Code Monkey home page Code Monkey logo

natural-language-processing's Introduction

Data Science Specialization Capstone Project - Johns Hopkins University on Courera

Introduction to Natural Language Processing

Around the world, people are spending an increasing amount of time on their mobile devices for email, social networking, banking and a whole range of other activities. But typing on mobile devices can be a serious pain. SwiftKey, our corporate partner in this capstone, builds a smart keyboard that makes it easier for people to type on their mobile devices. One cornerstone of their smart keyboard is predictive text models. When someone types:

I went to the

the keyboard presents three options for what the next word might be. For example, the three words might be gym, store, restaurant. In this capstone you will work on understanding and building predictive text models like those used by SwiftKey.

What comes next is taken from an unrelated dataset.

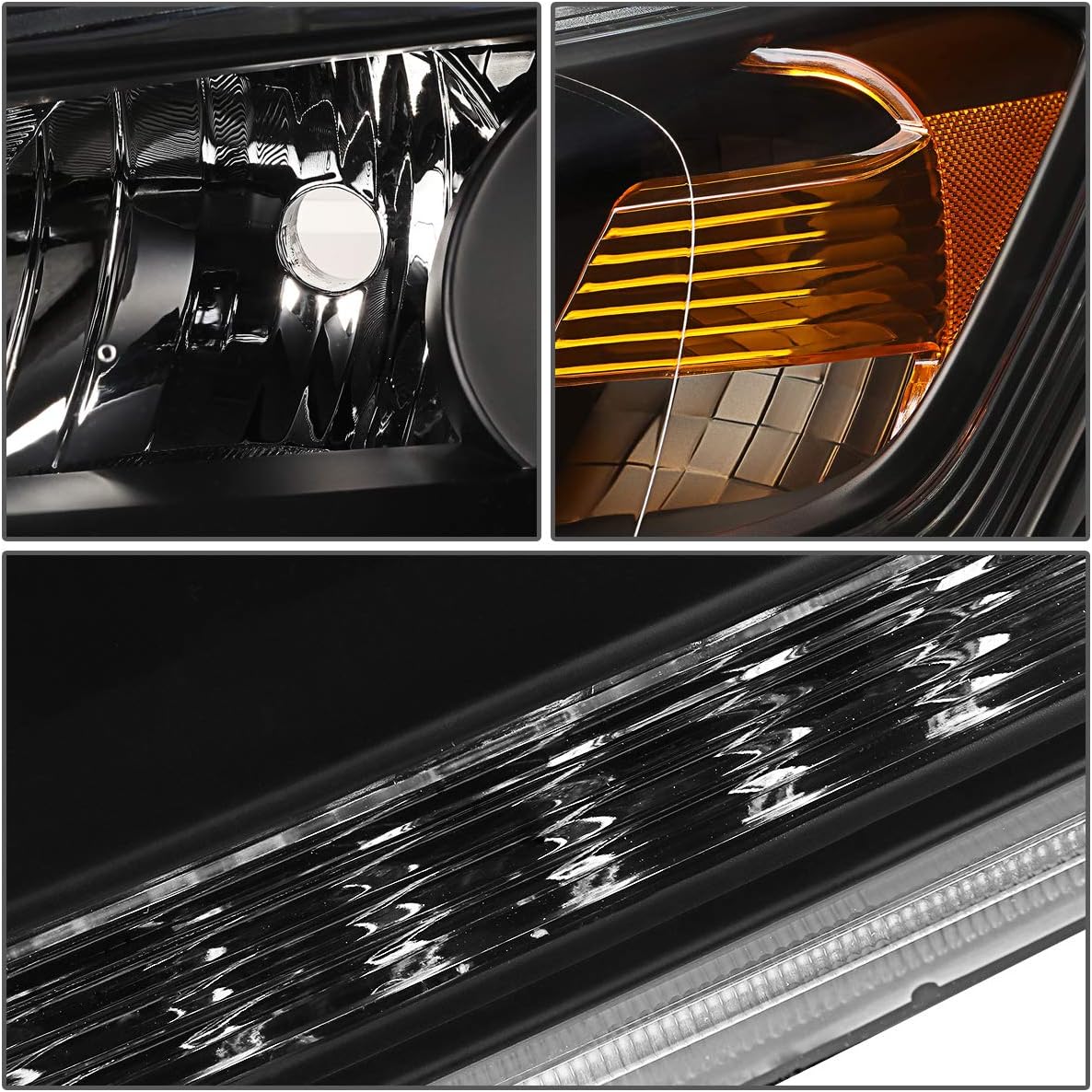 DNA MOTORING Left Driver Side Factory Style Projector Headlight Lamp Compitable with 13-15 HONDA ACCORD, OEM-HL-0059-L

This course will start with the basics, analyzing a large corpus of text documents to discover the structure in the data and how words are put together. It will cover cleaning and analyzing text data, then building and sampling from a predictive text model. Finally, you will use the knowledge you gained in data products to build a predictive text product you can show off to your family, friends, and potential employers.

You will use all of the skills you have learned during the Data Science Specialization in this course, but you'll notice that we are tackling a brand new application: analysis of text data and natural language processing. This choice is on purpose. As a practicing data scientist you will be frequently confronted with new data types and problems. A big part of the fun and challenge of being a data scientist is figuring out how to work with these new data types to build data products people love. The capstone will be evaluated based on the following assessments:

  1. An introductory quiz to test whether you have downloaded and can manipulate the data.
  2. An intermediate R markdown report that describes in plain language, plots, and code your exploratory analysis of the course data set.
  3. Two natural language processing quizzes, where you apply your predictive model to real data to check how it is working.
  4. A Shiny app that takes as input a phrase (multiple words), one clicks submit, and it predicts the next word.
  5. A 5 slide deck created with R presentations pitching your algorithm and app to your boss or investor.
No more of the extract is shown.